Die Strassenbehörde verstrickt sich in der Sendung in Widersprüche und lässt gewisse Fragen unbeantwortet. Das Reporterteam versuchte mit aufwendigen Simulatorfahrten zu beweisen, dass die 90 km/h eine Fehlbeschilderung der Kurve waren.

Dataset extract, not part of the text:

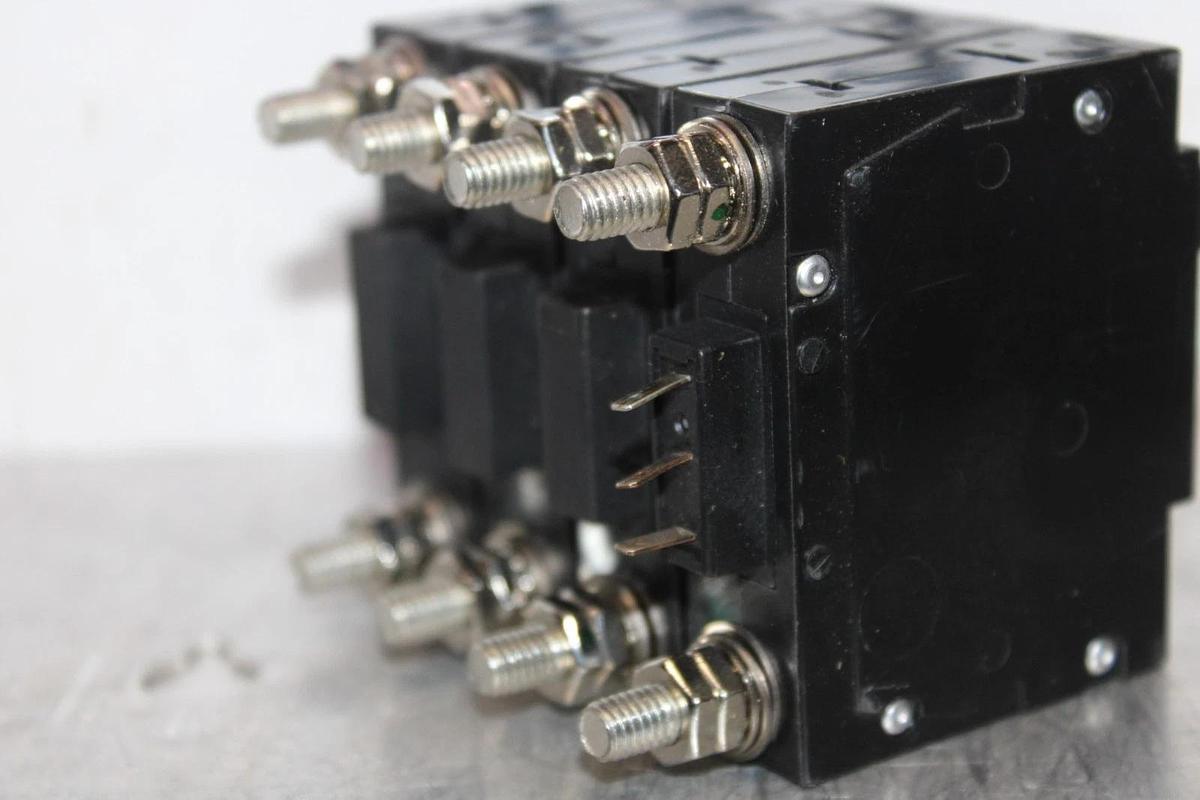 Used CBI CIRCUIT BREAKER D2AKXA0575 4-POLE 80 VDC 350 AMP 437.5 AMP TRIP D-2AAMX4NASX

Nicht aufgenommen wurde dagegen die Frage, warum auf dieser Strecke 90-Tonnen-Fahrzeuge fahren dürfen. So schwer war auch der Lastwagen, der in den Bus der Schweizer knallte. Wie diese Zeitung bereits im Januar berichtete, hatte die Minenbetreiberin keine gültige Betriebsbewilligung, um ihre Lastwagen über die Unfallstrecke fahren zu lassen. Die Transporte verstiessen also gegen Auflagen der Umweltbehörde. Denn in einer amtlichen Verfügung steht klar und deutlich, dass der Transport über die heutige Strecke gegen die Betriebsbewilligung verstösst.

Hier geschah das Unglück:

Umso erstaunlicher ist es, dass die Strassenbehörde erst am 26. Juni dieses Jahres die Ausnahmebewilligung für 90-Tonnen-Lastwagen auf der Unglücksstrecke verlängert hat. Wie ist es möglich, einem Unternehmen eine Ausnahmebewilligung zu verlängern für eine Strecke, auf der es laut Betriebsbewilligung eigentlich gar nicht fahren dürfte? Und warum sagt die Strassenbehörde ja zu Transporten, und die Umweltbehörde sieht diese als Verstoss gegen die Betriebsbewilligung? Fragen, die das schwedische Fernsehen leider nicht stellt.